When I first started out in the lifestyle, it was all very romantic to me, very much the fantasy world. It did not take me long to figure out the difference. When I started trying to apply the fantasies to my every day life, the two did not mesh together at all.

Wow! Did I ever get off subject! lol Some things that I learned about Master/slave relationships are:

  • 1. if you are in love with the partner, the dynamics of the Master/slave relationship changes. Know that it is two different relationships.
  • 2. decide at the outset of the relationship what the reality threshold is
  • 3. always remember there is no such thing as a perfect Master or slave, each are unique so things should be negotiated
  • 4. contracts:
    a) some use them to validate their relationships
    b) remember that people change and contracts are made to be permanent, so in usage of contracts, don't make them so rigid that you are setting the relationship up for failure
    c) use them as short term general guidelines

On to the rest of the day.

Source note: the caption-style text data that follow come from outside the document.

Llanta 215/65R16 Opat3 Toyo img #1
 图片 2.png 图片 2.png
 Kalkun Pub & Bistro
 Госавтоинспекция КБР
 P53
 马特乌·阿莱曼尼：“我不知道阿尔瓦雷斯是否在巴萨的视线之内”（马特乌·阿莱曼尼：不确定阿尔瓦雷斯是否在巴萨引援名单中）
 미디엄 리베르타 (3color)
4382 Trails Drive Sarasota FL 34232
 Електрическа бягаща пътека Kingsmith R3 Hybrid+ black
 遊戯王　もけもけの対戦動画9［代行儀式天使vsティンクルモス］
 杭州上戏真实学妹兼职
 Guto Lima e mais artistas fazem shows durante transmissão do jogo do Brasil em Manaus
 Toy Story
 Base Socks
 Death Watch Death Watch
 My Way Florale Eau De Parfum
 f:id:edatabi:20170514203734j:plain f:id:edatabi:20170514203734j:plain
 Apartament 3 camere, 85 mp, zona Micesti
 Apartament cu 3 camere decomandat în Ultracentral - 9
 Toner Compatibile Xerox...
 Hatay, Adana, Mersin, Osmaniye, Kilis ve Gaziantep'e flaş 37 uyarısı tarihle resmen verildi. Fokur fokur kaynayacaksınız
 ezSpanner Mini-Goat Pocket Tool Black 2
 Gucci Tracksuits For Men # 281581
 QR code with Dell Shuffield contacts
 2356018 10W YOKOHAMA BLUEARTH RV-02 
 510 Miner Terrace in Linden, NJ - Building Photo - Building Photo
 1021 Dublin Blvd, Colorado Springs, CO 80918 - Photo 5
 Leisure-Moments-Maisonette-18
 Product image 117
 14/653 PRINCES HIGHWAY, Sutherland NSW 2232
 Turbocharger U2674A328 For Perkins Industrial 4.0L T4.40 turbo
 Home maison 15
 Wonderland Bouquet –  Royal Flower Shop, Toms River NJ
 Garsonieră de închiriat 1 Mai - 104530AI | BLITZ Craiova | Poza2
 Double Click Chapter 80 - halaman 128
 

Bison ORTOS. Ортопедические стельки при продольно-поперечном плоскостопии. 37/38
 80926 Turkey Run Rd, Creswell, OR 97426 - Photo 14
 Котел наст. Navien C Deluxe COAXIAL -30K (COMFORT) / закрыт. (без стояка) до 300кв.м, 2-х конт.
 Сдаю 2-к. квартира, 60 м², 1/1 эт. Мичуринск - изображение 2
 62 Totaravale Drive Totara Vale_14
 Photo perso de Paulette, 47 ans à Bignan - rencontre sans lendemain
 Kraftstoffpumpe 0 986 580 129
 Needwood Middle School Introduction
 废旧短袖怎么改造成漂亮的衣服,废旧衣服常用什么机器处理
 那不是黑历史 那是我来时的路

After the first seminar, chocolat and I went on to the next while Sir and sunshine went to a different one.

When it was over, we gathered up for some more shopping at the flea market, and then headed back to the house for some rest and relaxation before the Ball that night. After a rest, we got up and dressed and headed to the Ball.

I was put on a lead that night which was quite new to me. Wearing a collar was one thing, but never had I been put on a lead. I was quite nervous and was clueless as to what my place was and where I was to stand. It was quite funny to me that after I was reminded once, that it came back to me from some of the research I had done in my past. It made me proud that even though I had never been on a lead, that I actually did have some idea as to what my place was! It was a proud realization for me. And having Miss chocolat in control of me was a new experience for me as well. Many eyes were on the four of us, and it was an honor to be included as a member. The evening progressed and we ran into many people we knew locally and from across the state.

Finally we headed back to the house for some well deserved down time, hot-tubbing and wonderful conversation amongst us and some friends who had come to visit. The evening ended in the wee hours of Sunday.

Sunday afternoon rolled around and we were all in for a treat. Time for more play! I think I stayed in my space all the way through Wednesday, the final day of dread. Time to go home. I packed my bags and stayed as long as I could without putting me on the road in the middle of the night since I had to work the next day. It was painful as usual for me to leave such a wonderful haven that I have found. Even though I am many hours away, all I have to do is close my eyes and a smile crosses my face. My memories will take me back there until I am able to make the next trip.